Stored items
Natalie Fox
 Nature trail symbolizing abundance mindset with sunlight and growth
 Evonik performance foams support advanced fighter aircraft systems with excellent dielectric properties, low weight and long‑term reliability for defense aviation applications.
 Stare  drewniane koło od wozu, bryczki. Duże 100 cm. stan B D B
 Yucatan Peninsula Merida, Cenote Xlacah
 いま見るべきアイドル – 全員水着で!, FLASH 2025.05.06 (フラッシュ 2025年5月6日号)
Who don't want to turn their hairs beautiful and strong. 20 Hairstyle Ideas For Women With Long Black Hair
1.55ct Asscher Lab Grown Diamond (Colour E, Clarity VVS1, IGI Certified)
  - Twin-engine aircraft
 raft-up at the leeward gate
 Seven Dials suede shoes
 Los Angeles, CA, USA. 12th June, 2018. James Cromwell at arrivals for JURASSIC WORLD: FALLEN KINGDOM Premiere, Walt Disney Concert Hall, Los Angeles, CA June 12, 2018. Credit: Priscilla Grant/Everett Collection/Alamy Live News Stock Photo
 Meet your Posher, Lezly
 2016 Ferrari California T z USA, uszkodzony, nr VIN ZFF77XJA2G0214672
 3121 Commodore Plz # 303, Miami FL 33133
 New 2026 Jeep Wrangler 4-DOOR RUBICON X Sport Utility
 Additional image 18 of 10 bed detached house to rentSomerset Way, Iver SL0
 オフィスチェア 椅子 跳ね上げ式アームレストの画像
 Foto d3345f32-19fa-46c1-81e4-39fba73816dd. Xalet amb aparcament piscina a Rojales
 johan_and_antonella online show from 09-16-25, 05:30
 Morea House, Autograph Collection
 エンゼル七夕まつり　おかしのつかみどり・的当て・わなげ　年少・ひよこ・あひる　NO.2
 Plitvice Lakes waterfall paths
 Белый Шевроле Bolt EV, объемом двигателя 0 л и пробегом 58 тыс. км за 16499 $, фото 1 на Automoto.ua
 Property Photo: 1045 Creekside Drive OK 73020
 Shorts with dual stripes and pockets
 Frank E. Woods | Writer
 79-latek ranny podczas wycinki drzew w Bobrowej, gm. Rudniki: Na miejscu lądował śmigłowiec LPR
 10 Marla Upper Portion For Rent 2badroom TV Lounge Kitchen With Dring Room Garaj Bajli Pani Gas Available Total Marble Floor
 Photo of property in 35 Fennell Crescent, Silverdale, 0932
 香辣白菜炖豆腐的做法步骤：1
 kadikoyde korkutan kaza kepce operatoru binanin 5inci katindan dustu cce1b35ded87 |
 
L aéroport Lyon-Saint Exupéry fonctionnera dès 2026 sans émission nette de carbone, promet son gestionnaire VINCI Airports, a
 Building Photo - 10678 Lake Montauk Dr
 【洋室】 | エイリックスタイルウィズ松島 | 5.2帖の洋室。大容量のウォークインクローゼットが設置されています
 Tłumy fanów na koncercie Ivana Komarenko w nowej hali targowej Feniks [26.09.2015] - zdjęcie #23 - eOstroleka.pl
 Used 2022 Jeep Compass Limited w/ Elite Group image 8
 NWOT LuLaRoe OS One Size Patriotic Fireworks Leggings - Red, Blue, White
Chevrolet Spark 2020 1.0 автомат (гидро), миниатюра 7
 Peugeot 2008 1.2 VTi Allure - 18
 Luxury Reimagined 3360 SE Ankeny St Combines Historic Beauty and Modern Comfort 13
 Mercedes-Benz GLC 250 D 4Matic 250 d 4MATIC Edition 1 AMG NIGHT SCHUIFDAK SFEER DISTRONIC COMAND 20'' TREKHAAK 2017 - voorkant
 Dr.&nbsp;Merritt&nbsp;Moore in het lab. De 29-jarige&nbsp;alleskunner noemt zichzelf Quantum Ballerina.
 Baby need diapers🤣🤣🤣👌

Work request
The reply should hold only the lines from the top of the records through the line that has "cm. stan B D B", each one exact.

Completed task
Natalie Fox
 Nature trail symbolizing abundance mindset with sunlight and growth
 Evonik performance foams support advanced fighter aircraft systems with excellent dielectric properties, low weight and long‑term reliability for defense aviation applications.
 Stare  drewniane koło od wozu, bryczki. Duże 100 cm. stan B D B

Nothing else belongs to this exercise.